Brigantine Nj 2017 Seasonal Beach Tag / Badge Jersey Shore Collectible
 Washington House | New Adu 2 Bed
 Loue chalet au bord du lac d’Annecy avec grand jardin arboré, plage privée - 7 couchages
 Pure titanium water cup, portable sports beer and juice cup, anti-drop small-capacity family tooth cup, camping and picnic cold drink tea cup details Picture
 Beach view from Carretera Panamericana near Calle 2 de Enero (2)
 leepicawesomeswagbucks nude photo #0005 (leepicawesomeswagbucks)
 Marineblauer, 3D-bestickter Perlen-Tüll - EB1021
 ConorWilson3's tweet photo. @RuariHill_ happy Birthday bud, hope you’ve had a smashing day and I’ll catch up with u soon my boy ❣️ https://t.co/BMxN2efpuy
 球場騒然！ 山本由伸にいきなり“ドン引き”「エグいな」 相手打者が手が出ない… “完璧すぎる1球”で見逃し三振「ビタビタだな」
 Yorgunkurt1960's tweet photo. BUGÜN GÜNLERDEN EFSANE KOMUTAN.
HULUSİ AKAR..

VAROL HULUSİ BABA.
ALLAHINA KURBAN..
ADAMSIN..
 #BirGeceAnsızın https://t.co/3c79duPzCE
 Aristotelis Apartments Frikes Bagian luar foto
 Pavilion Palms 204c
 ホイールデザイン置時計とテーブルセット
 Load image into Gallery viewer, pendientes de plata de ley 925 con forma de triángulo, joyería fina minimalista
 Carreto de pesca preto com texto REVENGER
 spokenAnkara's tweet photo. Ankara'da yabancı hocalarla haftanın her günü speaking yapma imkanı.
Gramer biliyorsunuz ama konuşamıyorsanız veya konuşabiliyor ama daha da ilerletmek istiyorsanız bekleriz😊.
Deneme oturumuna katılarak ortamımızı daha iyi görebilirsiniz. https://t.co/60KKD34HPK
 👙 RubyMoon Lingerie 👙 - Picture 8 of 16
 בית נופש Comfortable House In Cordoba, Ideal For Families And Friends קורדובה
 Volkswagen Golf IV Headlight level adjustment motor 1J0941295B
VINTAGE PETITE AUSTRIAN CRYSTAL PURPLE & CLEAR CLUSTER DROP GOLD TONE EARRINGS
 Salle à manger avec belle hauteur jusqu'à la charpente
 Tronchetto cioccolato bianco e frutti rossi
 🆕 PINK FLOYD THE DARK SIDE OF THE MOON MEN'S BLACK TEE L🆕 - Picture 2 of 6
----------
# [WORK INSTRUCTION]
Retrieve all lines from the data that contain the string "daha".

# [ANSWER TO THIS EXERCISE]
Gramer biliyorsunuz ama konuşamıyorsanız veya konuşabiliyor ama daha da ilerletmek istiyorsanız bekleriz😊.
Deneme oturumuna katılarak ortamımızı daha iyi görebilirsiniz. https://t.co/60KKD34HPK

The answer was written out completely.